PROBLEM DESCRIPTION: Output the entries below exactly as written, omitting pictures.

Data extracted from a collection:
========
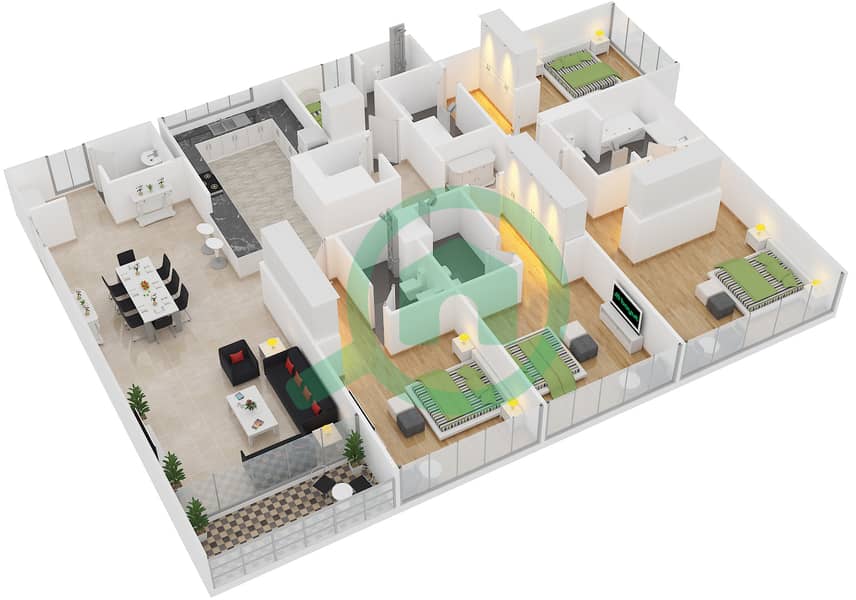 المخططات الطابقية لتصميم النموذج 4A شقة 4 غرف نوم - الندى 1 interactive3D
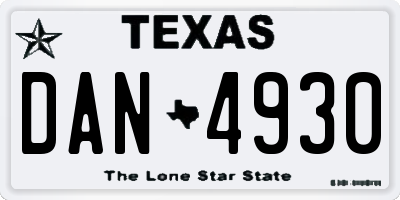 TX license plate DAN4930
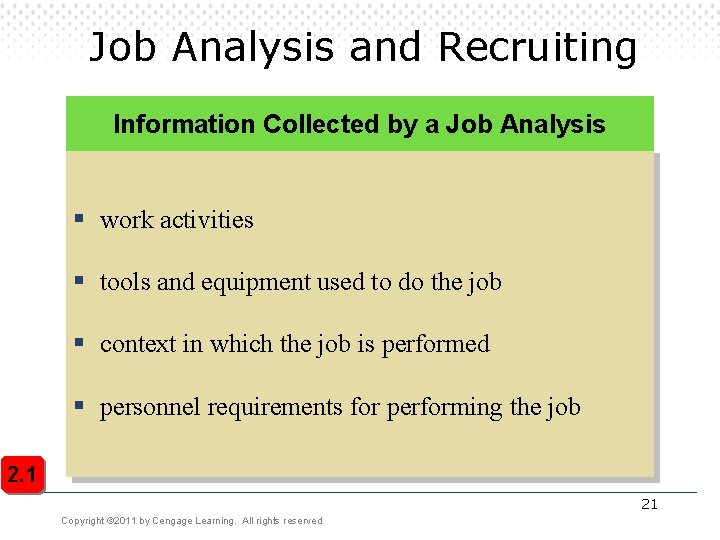 Job Analysis and Recruiting Information Collected by a Job Analysis § work activities § Job Analysis and Recruiting Information Collected by a Job Analysis § work activities §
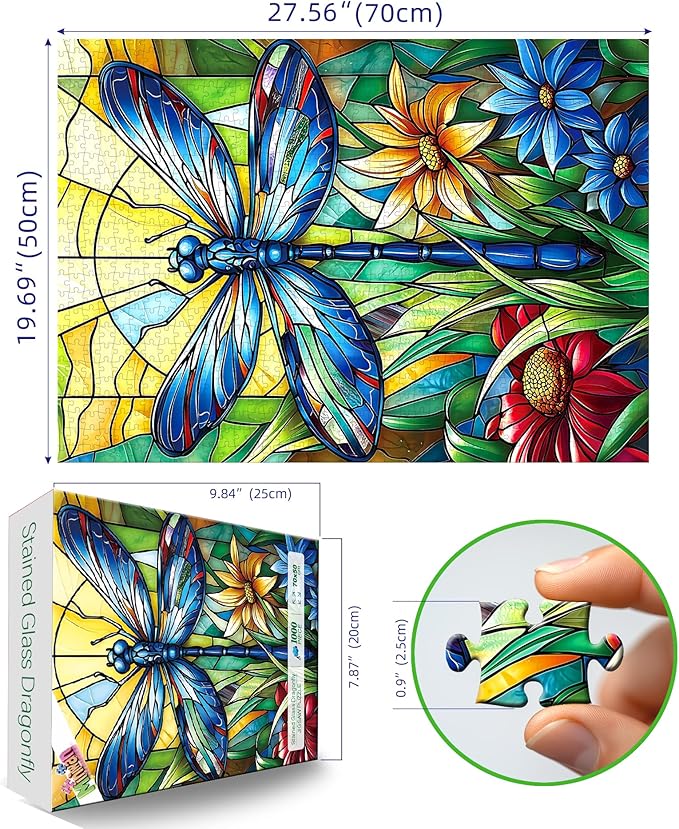 1000 Piece Jigsaw Puzzle for Adults - Stained Glass Dragonfly & Flowers Art Puzzle, 27.5x19.7 Inch Unique Hard Difficult Challenging Puzzle for Adults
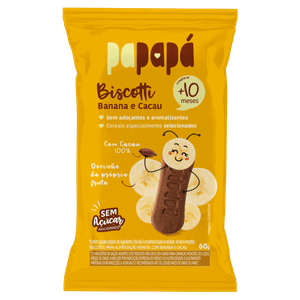 Biscoito Banana e Cacau Papapá Biscotti Pacote 60g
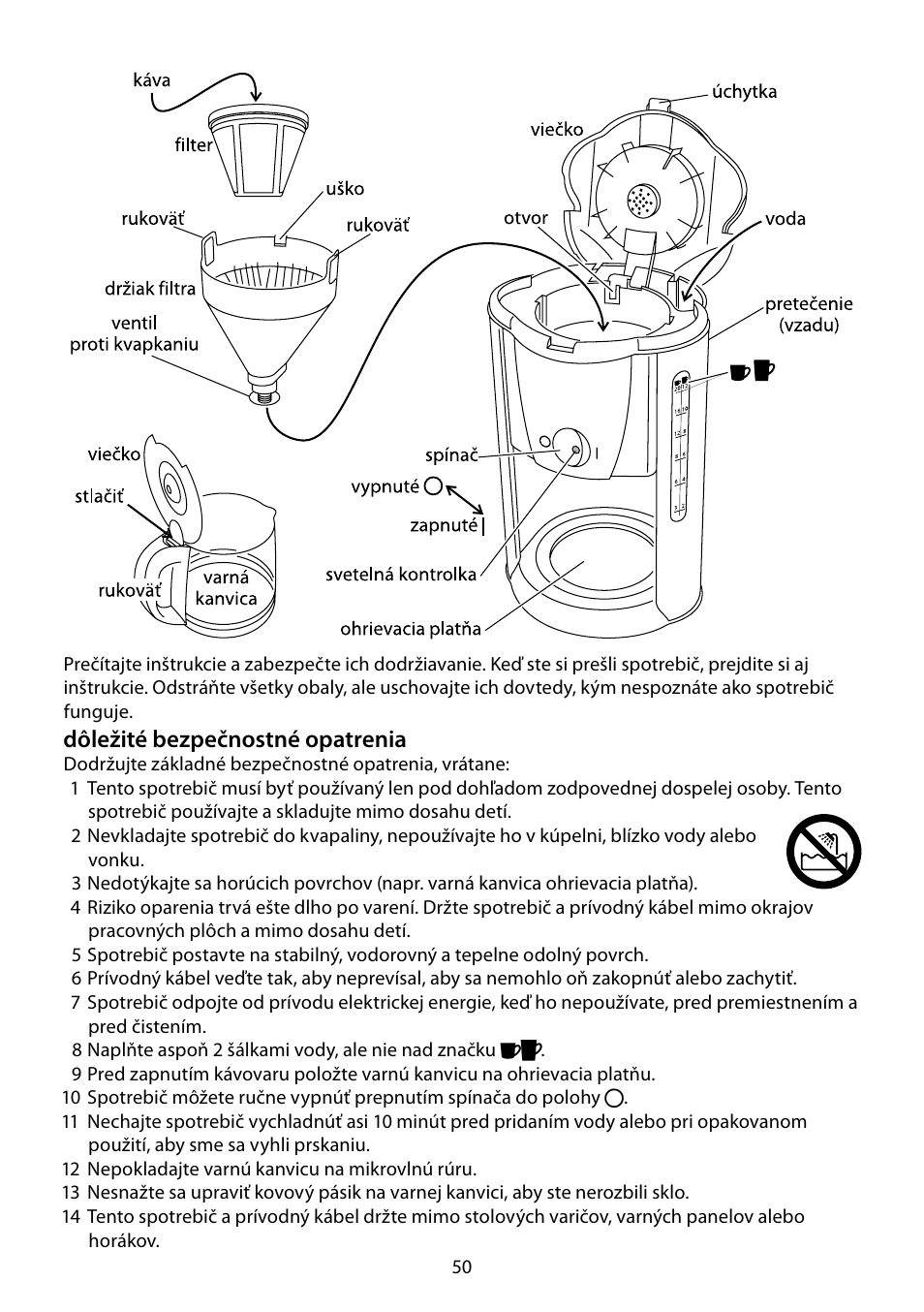 Dôležité bezpečnostné opatrenia | RUSSELL HOBBS PURPLE PASSION User Manual | Page 50 / 88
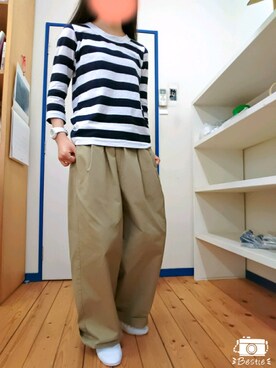 「ネイビー×ホワイト」｜「アイテム（その他シューズ）」を使った、ぽんさん（レディース・160cm）の夏コーディネート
========
SOLUTION TO THE PROBLEM:
 المخططات الطابقية لتصميم النموذج 4A شقة 4 غرف نوم - الندى 1 interactive3D
 TX license plate DAN4930
 Job Analysis and Recruiting Information Collected by a Job Analysis § work activities § Job Analysis and Recruiting Information Collected by a Job Analysis § work activities §
 1000 Piece Jigsaw Puzzle for Adults - Stained Glass Dragonfly & Flowers Art Puzzle, 27.5x19.7 Inch Unique Hard Difficult Challenging Puzzle for Adults
 Biscoito Banana e Cacau Papapá Biscotti Pacote 60g
 Dôležité bezpečnostné opatrenia | RUSSELL HOBBS PURPLE PASSION User Manual | Page 50 / 88
 「ネイビー×ホワイト」｜「アイテム（その他シューズ）」を使った、ぽんさん（レディース・160cm）の夏コーディネート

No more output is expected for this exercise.